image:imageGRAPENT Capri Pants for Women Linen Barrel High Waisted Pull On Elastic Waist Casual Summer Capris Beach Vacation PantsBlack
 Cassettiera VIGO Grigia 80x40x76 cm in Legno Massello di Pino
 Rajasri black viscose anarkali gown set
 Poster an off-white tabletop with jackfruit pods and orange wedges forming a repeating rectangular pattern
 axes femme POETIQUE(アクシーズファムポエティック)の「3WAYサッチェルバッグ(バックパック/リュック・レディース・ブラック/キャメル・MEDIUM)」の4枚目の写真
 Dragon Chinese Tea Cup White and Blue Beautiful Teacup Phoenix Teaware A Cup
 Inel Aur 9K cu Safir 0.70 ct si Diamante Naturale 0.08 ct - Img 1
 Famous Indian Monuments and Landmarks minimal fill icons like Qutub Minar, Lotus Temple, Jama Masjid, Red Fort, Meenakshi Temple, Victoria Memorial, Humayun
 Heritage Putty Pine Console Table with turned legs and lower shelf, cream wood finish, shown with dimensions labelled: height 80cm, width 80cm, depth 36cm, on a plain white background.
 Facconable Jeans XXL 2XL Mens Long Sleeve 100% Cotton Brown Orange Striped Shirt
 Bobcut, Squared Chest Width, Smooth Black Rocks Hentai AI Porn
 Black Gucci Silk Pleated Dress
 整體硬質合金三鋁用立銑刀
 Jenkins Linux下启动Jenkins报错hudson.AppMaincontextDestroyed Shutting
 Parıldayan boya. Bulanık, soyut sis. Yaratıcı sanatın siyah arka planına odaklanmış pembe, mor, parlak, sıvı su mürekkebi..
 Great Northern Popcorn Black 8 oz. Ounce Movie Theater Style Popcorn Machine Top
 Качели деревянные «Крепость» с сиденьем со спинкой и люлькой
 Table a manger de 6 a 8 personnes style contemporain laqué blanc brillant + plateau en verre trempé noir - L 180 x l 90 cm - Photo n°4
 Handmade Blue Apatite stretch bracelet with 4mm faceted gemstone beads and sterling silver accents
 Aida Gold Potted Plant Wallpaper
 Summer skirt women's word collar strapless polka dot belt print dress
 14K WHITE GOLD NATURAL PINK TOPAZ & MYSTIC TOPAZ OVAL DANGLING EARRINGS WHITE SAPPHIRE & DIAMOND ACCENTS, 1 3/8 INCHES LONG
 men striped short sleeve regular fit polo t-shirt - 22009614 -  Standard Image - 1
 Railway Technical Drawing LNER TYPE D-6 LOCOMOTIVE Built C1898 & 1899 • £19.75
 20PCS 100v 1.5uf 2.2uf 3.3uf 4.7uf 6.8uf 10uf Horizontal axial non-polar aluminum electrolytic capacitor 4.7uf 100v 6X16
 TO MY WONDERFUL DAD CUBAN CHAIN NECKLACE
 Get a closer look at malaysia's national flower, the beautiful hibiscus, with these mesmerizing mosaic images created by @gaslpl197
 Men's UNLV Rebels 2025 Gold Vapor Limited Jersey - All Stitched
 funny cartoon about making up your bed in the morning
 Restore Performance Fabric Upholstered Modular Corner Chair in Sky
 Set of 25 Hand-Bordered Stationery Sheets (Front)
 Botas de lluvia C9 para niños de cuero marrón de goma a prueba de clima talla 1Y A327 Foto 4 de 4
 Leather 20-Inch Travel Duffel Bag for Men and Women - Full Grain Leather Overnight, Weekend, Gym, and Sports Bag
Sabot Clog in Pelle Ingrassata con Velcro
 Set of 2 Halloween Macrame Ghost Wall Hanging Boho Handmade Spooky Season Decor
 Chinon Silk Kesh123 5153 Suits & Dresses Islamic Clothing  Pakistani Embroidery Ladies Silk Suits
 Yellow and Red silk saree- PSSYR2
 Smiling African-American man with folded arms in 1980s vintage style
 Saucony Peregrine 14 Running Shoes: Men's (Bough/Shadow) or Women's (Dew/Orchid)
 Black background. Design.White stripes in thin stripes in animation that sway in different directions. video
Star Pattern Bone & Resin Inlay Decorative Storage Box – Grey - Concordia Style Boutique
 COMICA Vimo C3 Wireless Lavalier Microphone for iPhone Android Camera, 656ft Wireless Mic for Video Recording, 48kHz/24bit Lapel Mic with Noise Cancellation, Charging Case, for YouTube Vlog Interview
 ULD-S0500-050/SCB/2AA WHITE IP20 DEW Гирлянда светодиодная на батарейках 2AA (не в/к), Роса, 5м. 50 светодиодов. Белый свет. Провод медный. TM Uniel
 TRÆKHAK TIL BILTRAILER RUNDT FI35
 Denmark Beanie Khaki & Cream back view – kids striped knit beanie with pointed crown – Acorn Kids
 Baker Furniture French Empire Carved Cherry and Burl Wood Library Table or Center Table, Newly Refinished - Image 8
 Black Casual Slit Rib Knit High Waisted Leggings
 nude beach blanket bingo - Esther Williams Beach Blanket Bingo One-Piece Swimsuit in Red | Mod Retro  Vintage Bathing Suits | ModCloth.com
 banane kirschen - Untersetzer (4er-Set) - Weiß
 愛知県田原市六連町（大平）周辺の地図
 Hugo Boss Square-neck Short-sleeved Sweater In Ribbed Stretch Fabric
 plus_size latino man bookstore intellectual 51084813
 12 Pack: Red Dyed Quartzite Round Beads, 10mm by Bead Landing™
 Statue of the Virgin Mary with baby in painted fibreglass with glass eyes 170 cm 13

:::::

** TASK PROMPT **
Set down every line of the listing again, exactly.

** ANSWER FOR THIS EXERCISE **
image:imageGRAPENT Capri Pants for Women Linen Barrel High Waisted Pull On Elastic Waist Casual Summer Capris Beach Vacation PantsBlack
 Cassettiera VIGO Grigia 80x40x76 cm in Legno Massello di Pino
 Rajasri black viscose anarkali gown set
 Poster an off-white tabletop with jackfruit pods and orange wedges forming a repeating rectangular pattern
 axes femme POETIQUE(アクシーズファムポエティック)の「3WAYサッチェルバッグ(バックパック/リュック・レディース・ブラック/キャメル・MEDIUM)」の4枚目の写真
 Dragon Chinese Tea Cup White and Blue Beautiful Teacup Phoenix Teaware A Cup
 Inel Aur 9K cu Safir 0.70 ct si Diamante Naturale 0.08 ct - Img 1
 Famous Indian Monuments and Landmarks minimal fill icons like Qutub Minar, Lotus Temple, Jama Masjid, Red Fort, Meenakshi Temple, Victoria Memorial, Humayun
 Heritage Putty Pine Console Table with turned legs and lower shelf, cream wood finish, shown with dimensions labelled: height 80cm, width 80cm, depth 36cm, on a plain white background.
 Facconable Jeans XXL 2XL Mens Long Sleeve 100% Cotton Brown Orange Striped Shirt
 Bobcut, Squared Chest Width, Smooth Black Rocks Hentai AI Porn
 Black Gucci Silk Pleated Dress
 整體硬質合金三鋁用立銑刀
 Jenkins Linux下启动Jenkins报错hudson.AppMaincontextDestroyed Shutting
 Parıldayan boya. Bulanık, soyut sis. Yaratıcı sanatın siyah arka planına odaklanmış pembe, mor, parlak, sıvı su mürekkebi..
 Great Northern Popcorn Black 8 oz. Ounce Movie Theater Style Popcorn Machine Top
 Качели деревянные «Крепость» с сиденьем со спинкой и люлькой
 Table a manger de 6 a 8 personnes style contemporain laqué blanc brillant + plateau en verre trempé noir - L 180 x l 90 cm - Photo n°4
 Handmade Blue Apatite stretch bracelet with 4mm faceted gemstone beads and sterling silver accents
 Aida Gold Potted Plant Wallpaper
 Summer skirt women's word collar strapless polka dot belt print dress
 14K WHITE GOLD NATURAL PINK TOPAZ & MYSTIC TOPAZ OVAL DANGLING EARRINGS WHITE SAPPHIRE & DIAMOND ACCENTS, 1 3/8 INCHES LONG
 men striped short sleeve regular fit polo t-shirt - 22009614 -  Standard Image - 1
 Railway Technical Drawing LNER TYPE D-6 LOCOMOTIVE Built C1898 & 1899 • £19.75
 20PCS 100v 1.5uf 2.2uf 3.3uf 4.7uf 6.8uf 10uf Horizontal axial non-polar aluminum electrolytic capacitor 4.7uf 100v 6X16
 TO MY WONDERFUL DAD CUBAN CHAIN NECKLACE
 Get a closer look at malaysia's national flower, the beautiful hibiscus, with these mesmerizing mosaic images created by @gaslpl197
 Men's UNLV Rebels 2025 Gold Vapor Limited Jersey - All Stitched
 funny cartoon about making up your bed in the morning
 Restore Performance Fabric Upholstered Modular Corner Chair in Sky
 Set of 25 Hand-Bordered Stationery Sheets (Front)
 Botas de lluvia C9 para niños de cuero marrón de goma a prueba de clima talla 1Y A327 Foto 4 de 4
 Leather 20-Inch Travel Duffel Bag for Men and Women - Full Grain Leather Overnight, Weekend, Gym, and Sports Bag
Sabot Clog in Pelle Ingrassata con Velcro
 Set of 2 Halloween Macrame Ghost Wall Hanging Boho Handmade Spooky Season Decor
 Chinon Silk Kesh123 5153 Suits & Dresses Islamic Clothing  Pakistani Embroidery Ladies Silk Suits
 Yellow and Red silk saree- PSSYR2
 Smiling African-American man with folded arms in 1980s vintage style
 Saucony Peregrine 14 Running Shoes: Men's (Bough/Shadow) or Women's (Dew/Orchid)
 Black background. Design.White stripes in thin stripes in animation that sway in different directions. video
Star Pattern Bone & Resin Inlay Decorative Storage Box – Grey - Concordia Style Boutique
 COMICA Vimo C3 Wireless Lavalier Microphone for iPhone Android Camera, 656ft Wireless Mic for Video Recording, 48kHz/24bit Lapel Mic with Noise Cancellation, Charging Case, for YouTube Vlog Interview
 ULD-S0500-050/SCB/2AA WHITE IP20 DEW Гирлянда светодиодная на батарейках 2AA (не в/к), Роса, 5м. 50 светодиодов. Белый свет. Провод медный. TM Uniel
 TRÆKHAK TIL BILTRAILER RUNDT FI35
 Denmark Beanie Khaki & Cream back view – kids striped knit beanie with pointed crown – Acorn Kids
 Baker Furniture French Empire Carved Cherry and Burl Wood Library Table or Center Table, Newly Refinished - Image 8
 Black Casual Slit Rib Knit High Waisted Leggings
 nude beach blanket bingo - Esther Williams Beach Blanket Bingo One-Piece Swimsuit in Red | Mod Retro  Vintage Bathing Suits | ModCloth.com
 banane kirschen - Untersetzer (4er-Set) - Weiß
 愛知県田原市六連町（大平）周辺の地図
 Hugo Boss Square-neck Short-sleeved Sweater In Ribbed Stretch Fabric
 plus_size latino man bookstore intellectual 51084813
 12 Pack: Red Dyed Quartzite Round Beads, 10mm by Bead Landing™
 Statue of the Virgin Mary with baby in painted fibreglass with glass eyes 170 cm 13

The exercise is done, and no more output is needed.